Comerica Bank has recorded a reversal of a slide in Michigan’s economic activity that started in June.
In its latest report, which covers October 2018, some seven out of nine sub-indexes for the bank’s Michigan Economic Activity Index were positive, with only total state trade and sales tax being negative.
While Comerica’s chief economist, Robert Dye, pointed to the signing of the U.S.-Mexico-Canada trade agreement as being a signal of less uncertainty for Michigan businesses, the deal must still be ratified by legislatures in all three countries.
Other trade factors considered, Comerica’s Dye is saying that exporting businesses may soon feel softer demand from their international buyers.
Outside North America, in Europe and China, there are signs of cooler growth heading into 2019.
GM’s announcement of plant closures was followed by United Kingdom and India plant closure announcements from Tata Motors (parent company of Land Rover and Jaguar).
“This does not impact Michigan directly but it does show the unsettled nature of the global auto industry,” said Dye.
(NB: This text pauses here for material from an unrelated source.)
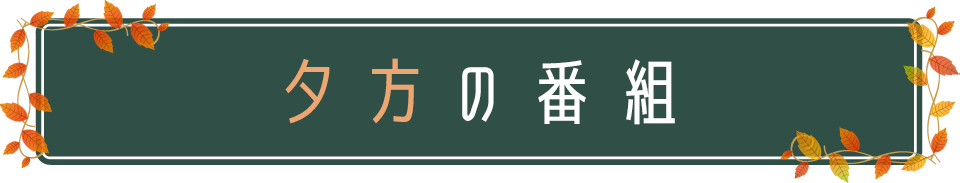 BSNラジオ 秋の番組情報 夕方の番組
Dye also spoke to an American Banking Association audience, where he said a sustained expansion is likely.
“A strong consumer sector and moderate business investment, along with full employment and rising wage growth, should sustain the expansion,” he said.
The Comerica report said U.S. auto sales have held up well, averaging a 17.5 million unit annual rate from September through November.
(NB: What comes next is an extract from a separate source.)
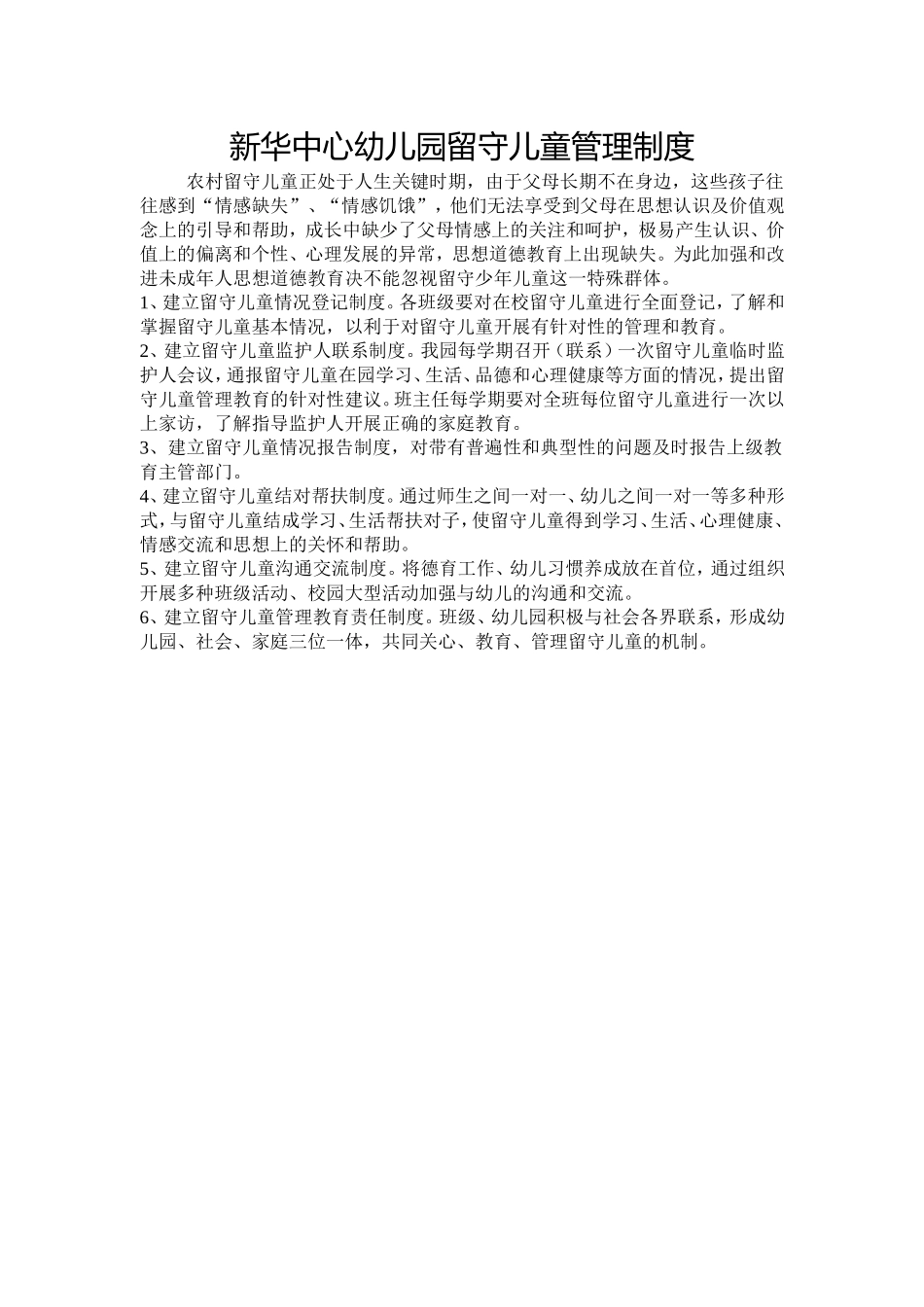 新华中心幼儿园留守儿童管理制度_第1页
Comerica’s Michigan Economic Activity Index consists of nine variables—non-farm payroll employment, continuing claims for unemployment insurance, housing starts, house price index, industrial electricity sales, auto assemblies, total trade, hotel occupancy, and sales tax revenue.
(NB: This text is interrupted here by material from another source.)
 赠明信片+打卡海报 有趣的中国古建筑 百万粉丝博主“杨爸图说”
In related news but from a national perspective, the Washington, D.C.-based Center for Economic and Policy Research pointed to a jobs gain of 312,000 in December.
The biggest job gainer was health care, which added 50,200 jobs, well above an average of 28,800 over the last year.
There were some 32,000 manufacturing jobs added for the month and employment in that sector is now up by 284,000 over the last year, according to CEPR reports.
Retail also had an unusually good month, with the addition of 23,800 jobs, well above an average of 7,600 over the last year.
On the wage growth side, CEPR reported a modest pickup in the month, with year-over-year growth of 3.2 percent.